-- Opening Marker --
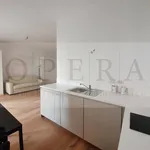 Rent 1 bedroom apartment of 45 m² in Bolzano - Bozen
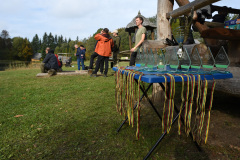 481207037_1211186834340209_790336403997338462_n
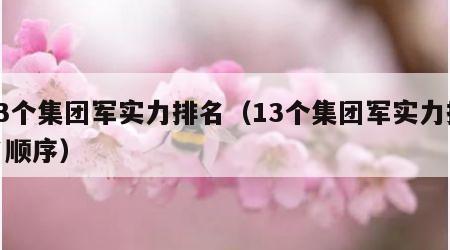 13个集团军实力排名（13个集团军实力排名顺序）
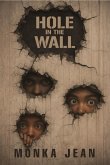 HOLE IN THE WALL (eBook, ePUB)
-- Closing Marker --
▶ **Exercise requirements**: Could you print the listing above word for word, without its pictures?

▶ **Exercise solution**:
 Rent 1 bedroom apartment of 45 m² in Bolzano - Bozen
 481207037_1211186834340209_790336403997338462_n
 13个集团军实力排名（13个集团军实力排名顺序）
 HOLE IN THE WALL (eBook, ePUB)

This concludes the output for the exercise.